YOUR OBJECTIVE:
Write the listing out again word for word, skipping each picture.

GIVEN INFORMATION:
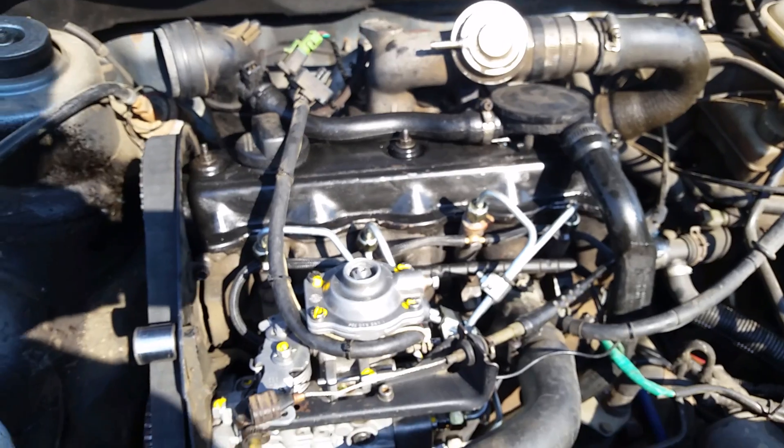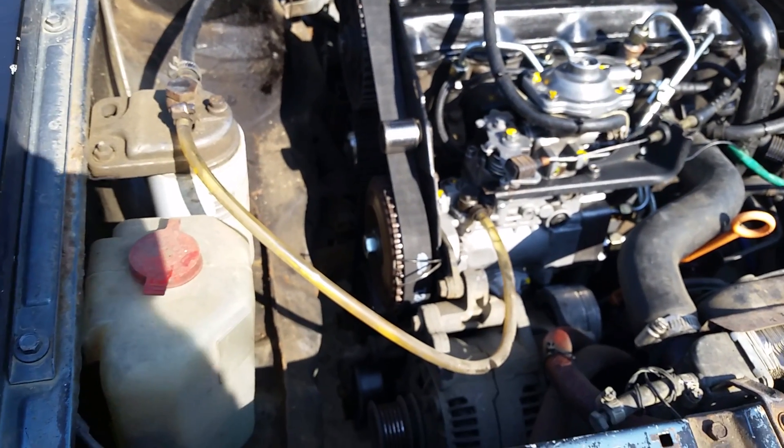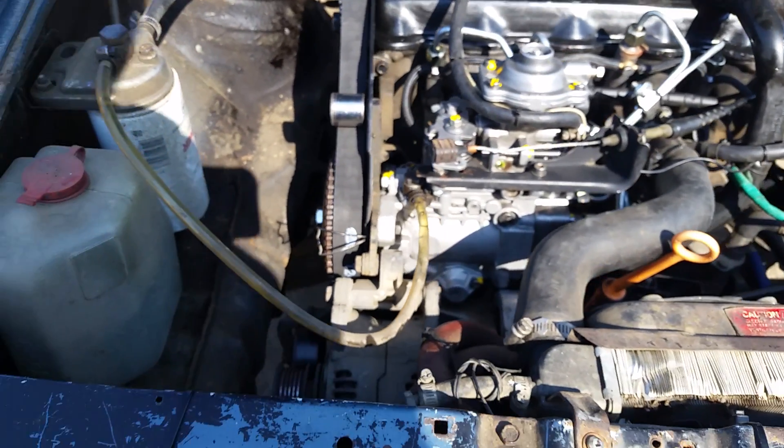I just bled the injectors, just tighten them down. So I'm gonna go hit the key, see what happens.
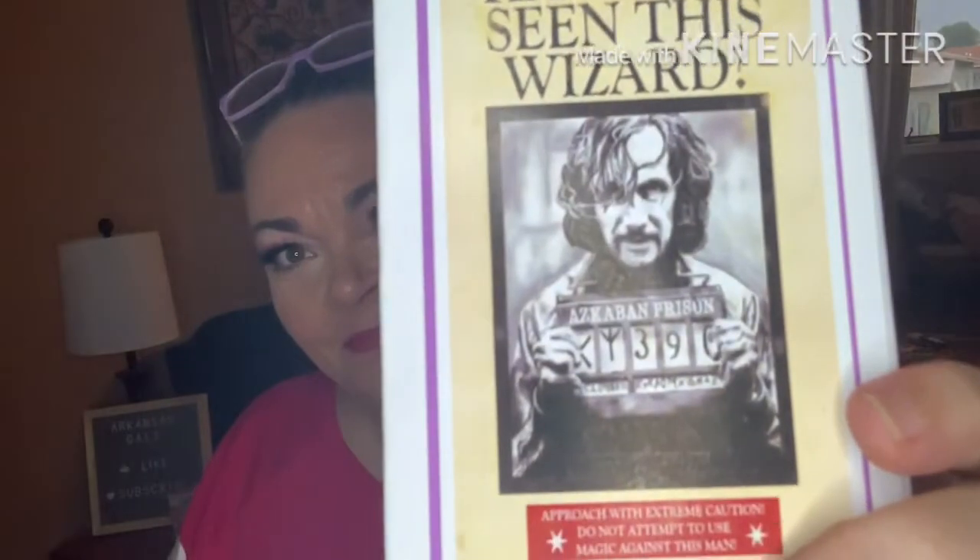Zee sends me these boxes for review and I'm so thankful that she does, because I love them — skincare, Harry Potter, yes please. The packaging says 'Have you seen this wizard? Azkaban prison. Approach with extreme caution. Do not attempt to use magic against this man.' And then here it's got the sticker again with all our product info on it.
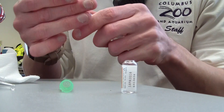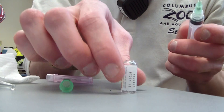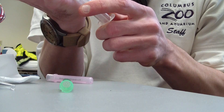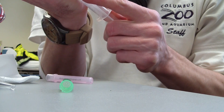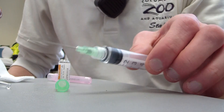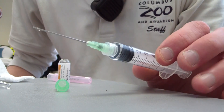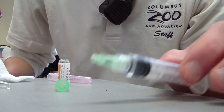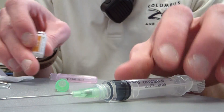Pull the needle out and draw as much as you need. After you have administered your medication, this all goes into the sharps — everything goes into the sharps.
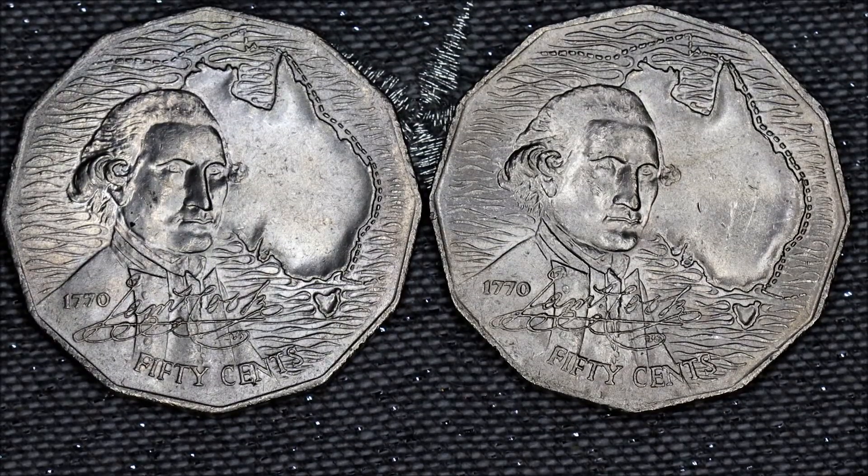Hi everybody, today I've got the Captain Cook Australian 1970 50 cent commemorative coin. On this coin there is a die variety on the obverse side in the date — there's a normal seven in the date, and there's also a seven that's tilted to the right, putting it on an angle.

FINISHED TASK:
I just bled the injectors, just tighten them down. So I'm gonna go hit the key, see what happens.
Zee sends me these boxes for review and I'm so thankful that she does, because I love them — skincare, Harry Potter, yes please. The packaging says 'Have you seen this wizard? Azkaban prison. Approach with extreme caution. Do not attempt to use magic against this man.' And then here it's got the sticker again with all our product info on it.
Pull the needle out and draw as much as you need. After you have administered your medication, this all goes into the sharps — everything goes into the sharps.
Hi everybody, today I've got the Captain Cook Australian 1970 50 cent commemorative coin. On this coin there is a die variety on the obverse side in the date — there's a normal seven in the date, and there's also a seven that's tilted to the right, putting it on an angle.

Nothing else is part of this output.